Huangshan, meaning yellow mountain, huang being yellow and shan being mountain, first began to capture the popular imagination in the Tang Dynasty around the 8th century. Later in the Yuan Dynasty (1271-1368) many temples were built on the mountains. By the Ming Dynasty Huangshan’s dramatic and epic appeal was being captured by the Shanshui (“Mountain and Water”) school of landscape painting.
Images (top) painting by Qing Dynasty artist Wang Hui, 1679, (bottom) A painting by Ming Dynasty artist Shen Zhou, 1467 Wikipedia Commons
Visitors today can appreciate the area of mountains, pines, lakes, waterfalls, streams and brooks that make up the exquisite Huangshan.
Mont Blanc, France
Image bortescristian via Flickr
The English Romantic poet Shelley was very moved by the wonder of Mont Blanc. He starts his poem dedicated to the mountain with ‘the everlasting universe of things.’ He would later write in a letter that the poem “was composed under the immediate impression of the deep and powerful feelings excited by the objects which it attempts to describe; and, as an indisciplined overflowing of the soul, rests its claim to approbation on an attempt to imitate the untamable wildness and inaccessible solemnity from which those feelings sprang.”

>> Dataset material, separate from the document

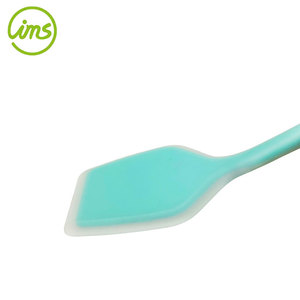 Spatule de cuisson en silicone solide résistant à la chaleur - Product Image 3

Mont Blanc’s location in the Alps is very popular amongst skiers and hikers attracted to its stunning snow capped beauty.
Mount Kilimanjaro, Tanzania
Image USACE HQ via Flickr
The highest point in Africa Kilimanjaro is famous for its snow capped peak. The mountain range consists of some unique features from lush rain forests, dry savannahs, volcanic cones and of course that snow covered peak. Even given its immense height Kilimanjaro is considered very accessible for hikers which is highlighted by the large amounts who make the ascent every year. There also can be opportunities to learn about the Maasai and the Chagga, the main tribes in the area.
Ayers Rock, Australia
Image edmcc721 via Flickr
Uluru or Ayers Rock as it is more commonly known is a large sandstone formation which is viewed as a sacred place by aborigines. It is said that there is no other known geological feature in the world exactly like it. Its Anangu aboriginal heritage means that there are a number of sacred places at the base of the mountain and in some cases still governed by ancient laws of the people.
There were aboriginal tribes at Uluru 10,000 years ago. Pitjantjatjara aborigines own the land around and about Ayers Rock today. Many visitors have commented about a spiritual feeling on being around the huge single rock. Best seen at sunset when the rock is bathed in a warm red glow.
Monte Fitz Roy, Patagonia
Breathtaking scenery and natural beauty surround the trail to view the distinctive jagged rock peaks of Monte Fitz Roy. With gorgeous alpine meadows and serene glacier fields along the way this region offers a salubrious soul enlivening experience for trekkers. Although not the tallest mountain, being half the size of the Himalayas, it is still considered one of the most technically difficult climbs in the world due to its long stretches of sheer granite.